Posted 9:30 AM ET – Yesterday was one of the weakest days we have seen in the last two years. The selling pressure is building as the Fed prepares to raise interest rates. Inflation is running hot globally and China’s economic growth is decelerating. The market still has plenty of work to do on the downside and the S&P 500 is down 40 points before the open.
Wars, inflation, recessions and viruses can all be resolved in time. Credit is the one issue that can lead to sustained market declines.

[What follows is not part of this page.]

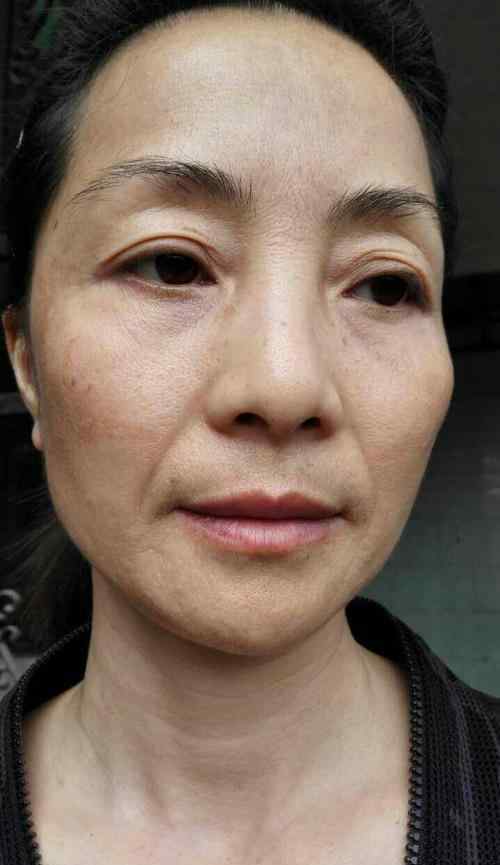 黄褐斑遗传吗 医生：苹果加1物，扫除满脸黑色素，黄褐斑也慢慢消失了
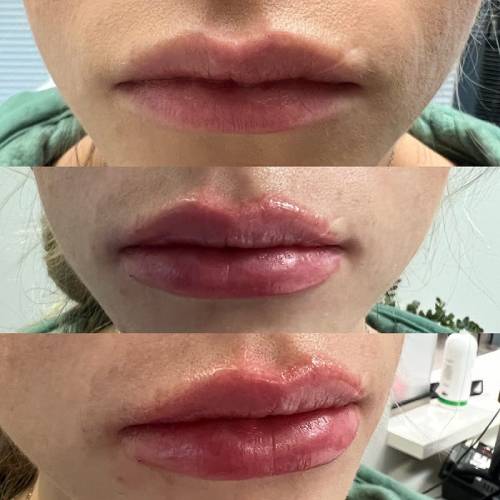 before and after lip filler multiple angled view case 1609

High yield bonds (junk) are retreating and that is an early sign that we need to tread cautiously and keep our eyes open.
After a 12-year market rally the market bid remains strong and investors are conditioned to “buy dips”. This battleship is hard to turn. As the selling pressure builds, that temptation to buy dips subsides. That means the market bounces are shorter in duration and shallower in amplitude. Buyers start to realize that they will have an opportunity to buy stocks at a lower price and sellers realize that they need to be more aggressive if they are going to reduce risk. Eventually, the bid crumbles and the market hits an “air pocket”. We need to see that deep low. I don’t know where that support level is, but I can tell you that it is lower than most people think. We have not had the interest rate hikes and we have not seen the economic impact they will have. That will take a few months to play out. When we do hit that low it will be a gut wrenching experience like we saw in 2020. The bounce will also be furious like we saw in 2020.
I have advised longer term swing traders to be in cash. The violent snap back rallies have made it almost impossible to swing trade for more than an overnight. Be patient. Our time will come and it will be a great opportunity (provided credit issues do not surface). There is a mountain of cash on the sidelines.
Day traders should expect to see more downside today. Ideally we get an early bounce after a heavy round of selling yesterday. That will give us time to find relative weakness and to enter shorts at a good level. If you see consecutive long red candles with little overlap in the first 30 minutes, you will have to be fairly aggressive entering shorts. As I mentioned above, the selling pressure will start to build and you will not have to worry as much about massive short covering rallies.
Support is at SPY $350. I say that jokingly… why not. We have broken all major support levels. There is no reason to try and pick a target. Just follow the price action and 1OP. Resistance is at the low from Wed and the high from Wed.